ASSIGNMENT => Return the material below exactly, but only from the line with "Commercial Appliances Installation" through the line with "Imgflip meme maker", and without its pictures.

- Opening Delimiter -

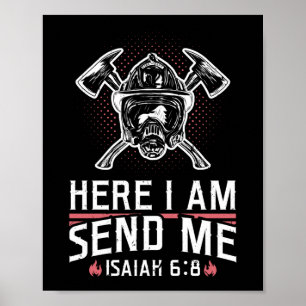Brandman här skickar jag Isaiah 6:8 Poster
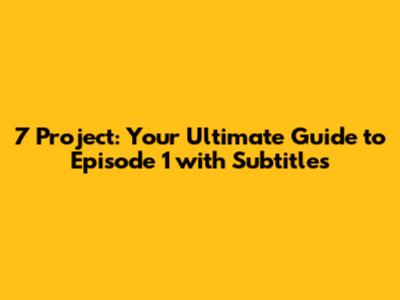7 Project: Your Ultimate Guide to Episode 1 with Subtitles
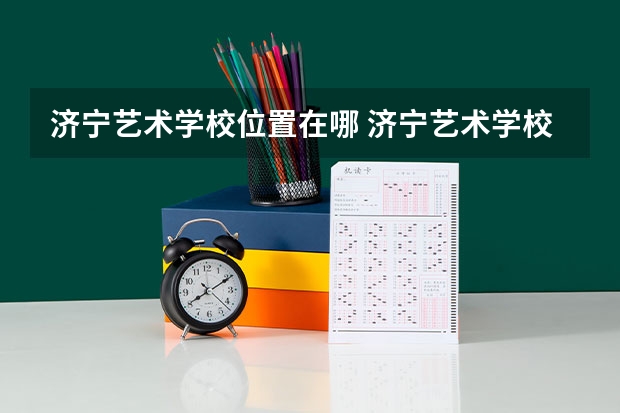 济宁艺术学校位置在哪 济宁艺术学校情况怎么样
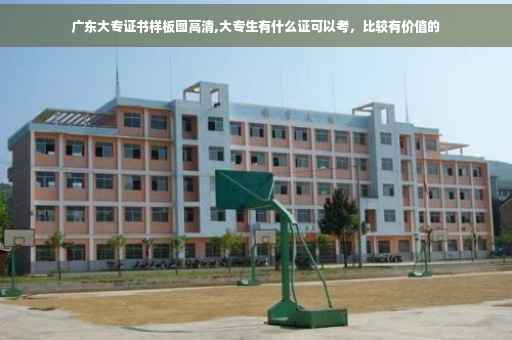 广东大专证书样板图高清,大专生有什么证可以考，比较有价值的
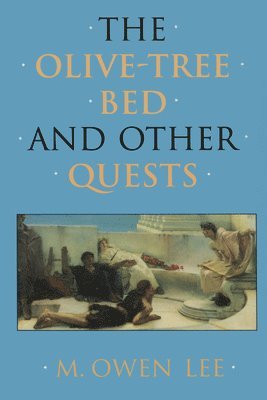 The Olive-Tree Bed and Other Quests 1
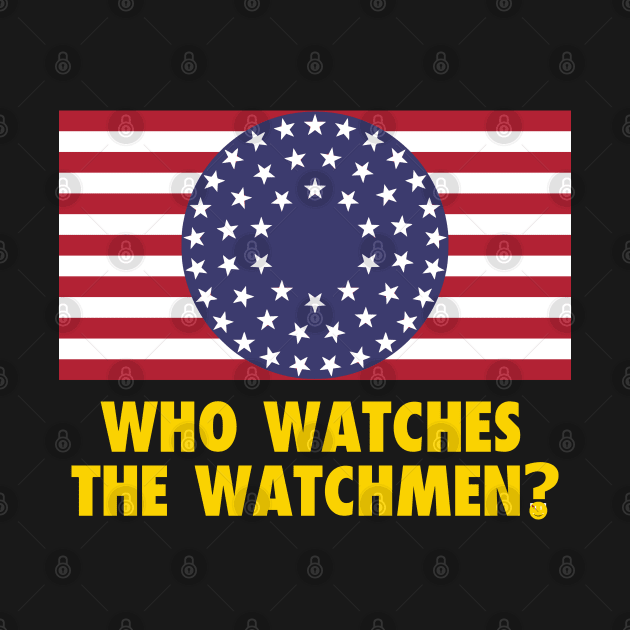 Who Watches the Watchmen? by popkulturniy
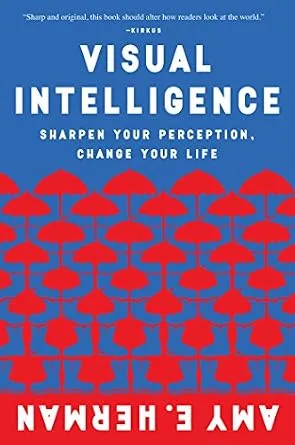 خرید و دانلود نسخه کامل کتاب Visual Intelligence: Sharpen Your Perception, Change Your Life_6a7623630be1d.jpeg خرید و دانلود نسخه کامل کتاب Visual Intelligence: Sharpen Your Perception, Change Your Life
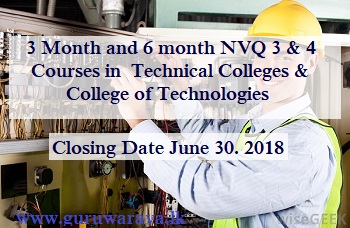 Three Month and Six month NVQ 3 & 4 Courses in Technical Colleges & College of Technologies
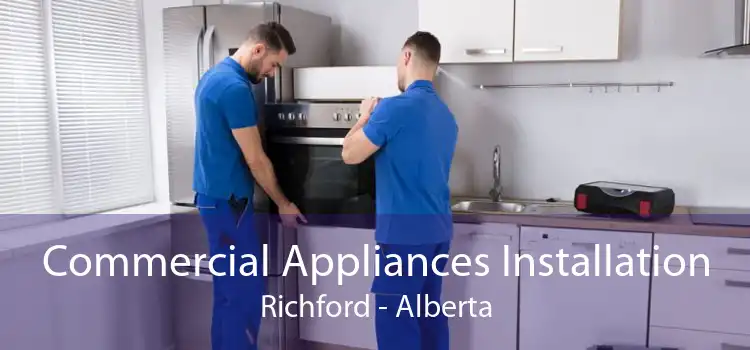 Commercial Appliances Installation Richford - Alberta
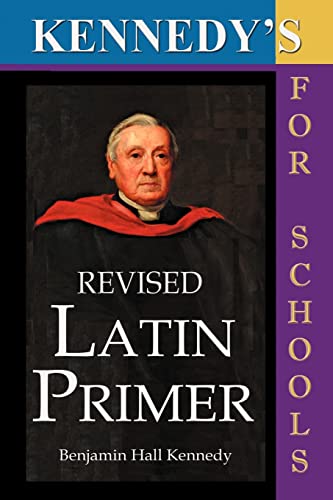 Stock image for Kennedy's Revised Latin Primer for sale by PBShop.store US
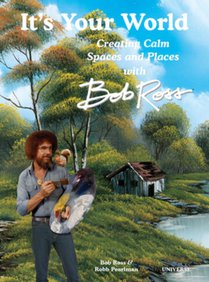 It's Your World: Creating Calm Spaces and Places with Bob Ross voorzijde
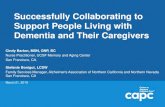 Successfully Collaborating to Support People Living with ... · Alzheimer’s Association • Founded in 1980 –a grassroots effort of family caregivers recognizing the need for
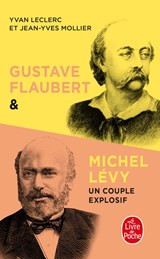 Gustave Flaubert & Michel Lévy - Yvan Leclerc&, Jean-Yves Mollier - 9782253941125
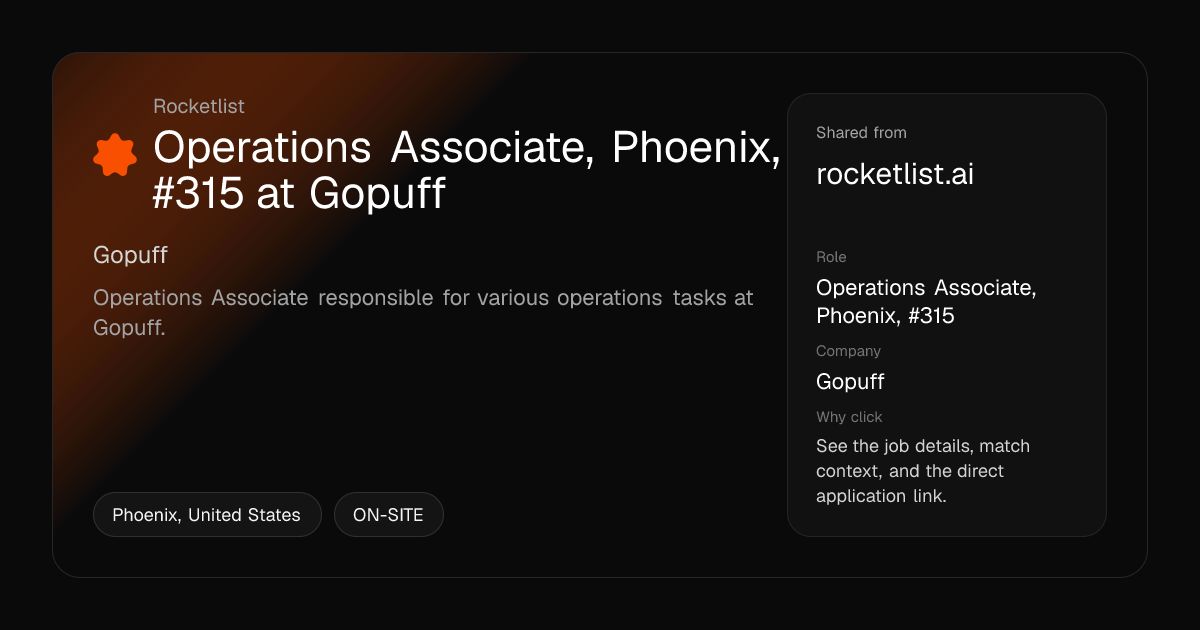 Operations Associate, Phoenix, #315 at Gopuff — Phoenix
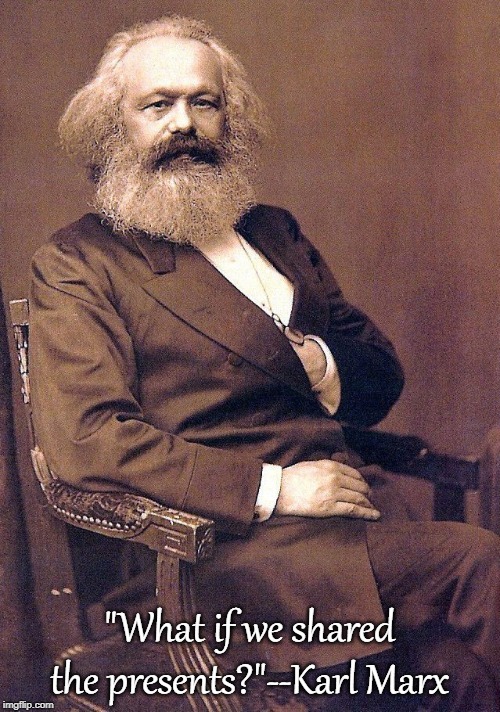 karl marx | "What if we shared the presents?"--Karl Marx | image tagged in karl marx | made w/ Imgflip meme maker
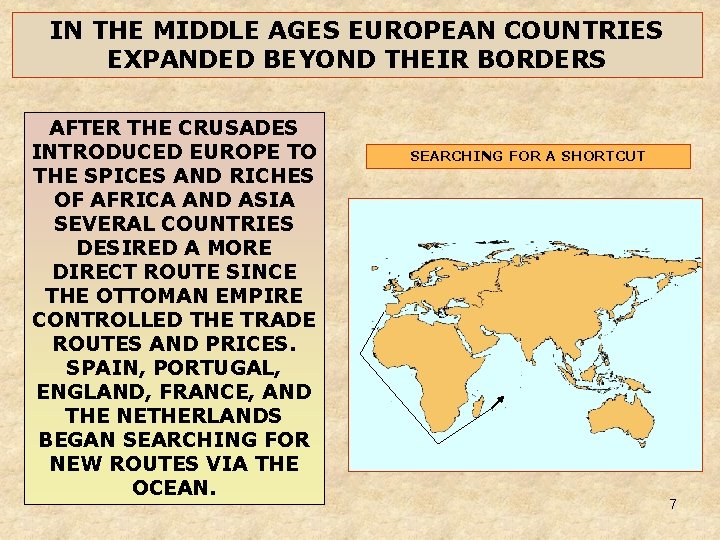 IN THE MIDDLE AGES EUROPEAN COUNTRIES EXPANDED BEYOND THEIR BORDERS AFTER THE CRUSADES INTRODUCED IN THE MIDDLE AGES EUROPEAN COUNTRIES EXPANDED BEYOND THEIR BORDERS AFTER THE CRUSADES INTRODUCED
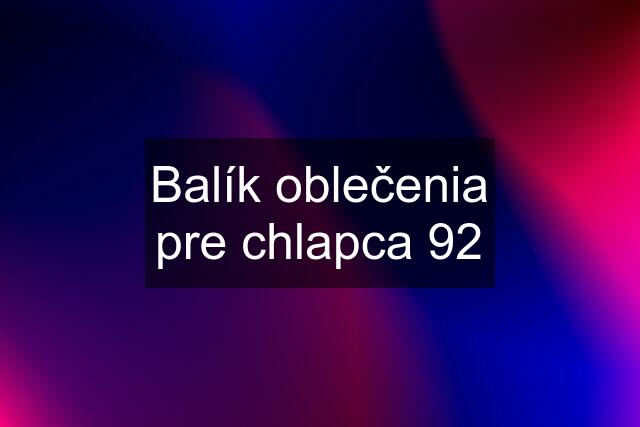 Balík oblečenia pre chlapca 92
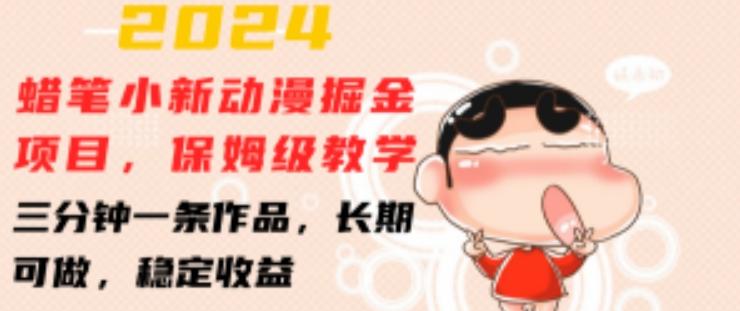 2024蜡笔小新动漫掘金项目，保姆级教学，三分钟一条作品，长期可做，稳定收益 【揭秘】-创纪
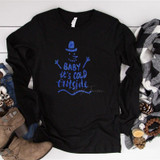 Baby It's Cold Outside Snowman Screen Print Heat Transfer, black long sleeve shirt with a blue snowman and text design.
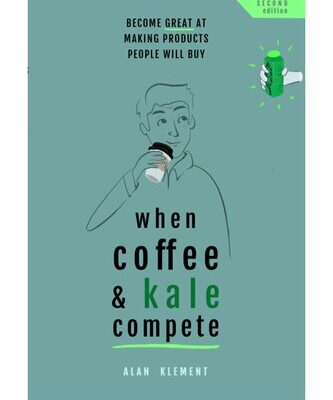 خرید و دانلود نسخه کامل کتاب When Kale and Coffee Compete: Become Great at Making Products People Will Buy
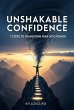 Unshakable Confidence: 7 Steps to... - Bild 1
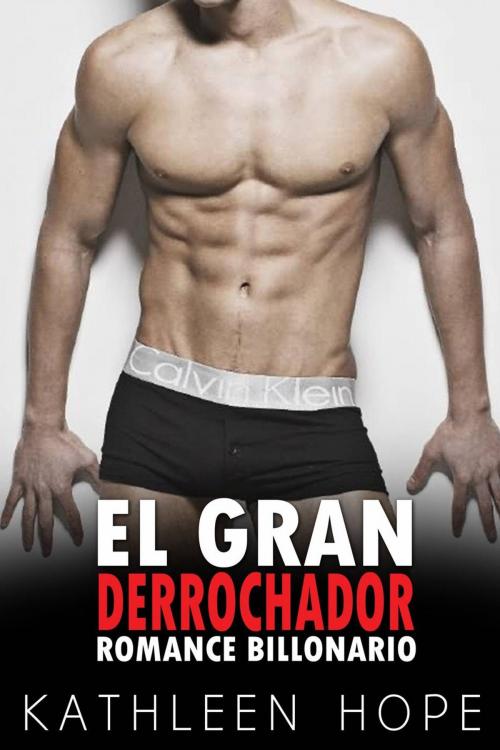 Cover of the book El Gran Derrochador: Romance Billonario by Kathleen Hope, Michael van der Voort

- Closing Delimiter -

ANSWER SPACE =>
 Commercial Appliances Installation Richford - Alberta
 Stock image for Kennedy's Revised Latin Primer for sale by PBShop.store US
 It's Your World: Creating Calm Spaces and Places with Bob Ross voorzijde
 Successfully Collaborating to Support People Living with ... · Alzheimer’s Association • Founded in 1980 –a grassroots effort of family caregivers recognizing the need for
 Gustave Flaubert & Michel Lévy - Yvan Leclerc&, Jean-Yves Mollier - 9782253941125
 Operations Associate, Phoenix, #315 at Gopuff — Phoenix
 karl marx | "What if we shared the presents?"--Karl Marx | image tagged in karl marx | made w/ Imgflip meme maker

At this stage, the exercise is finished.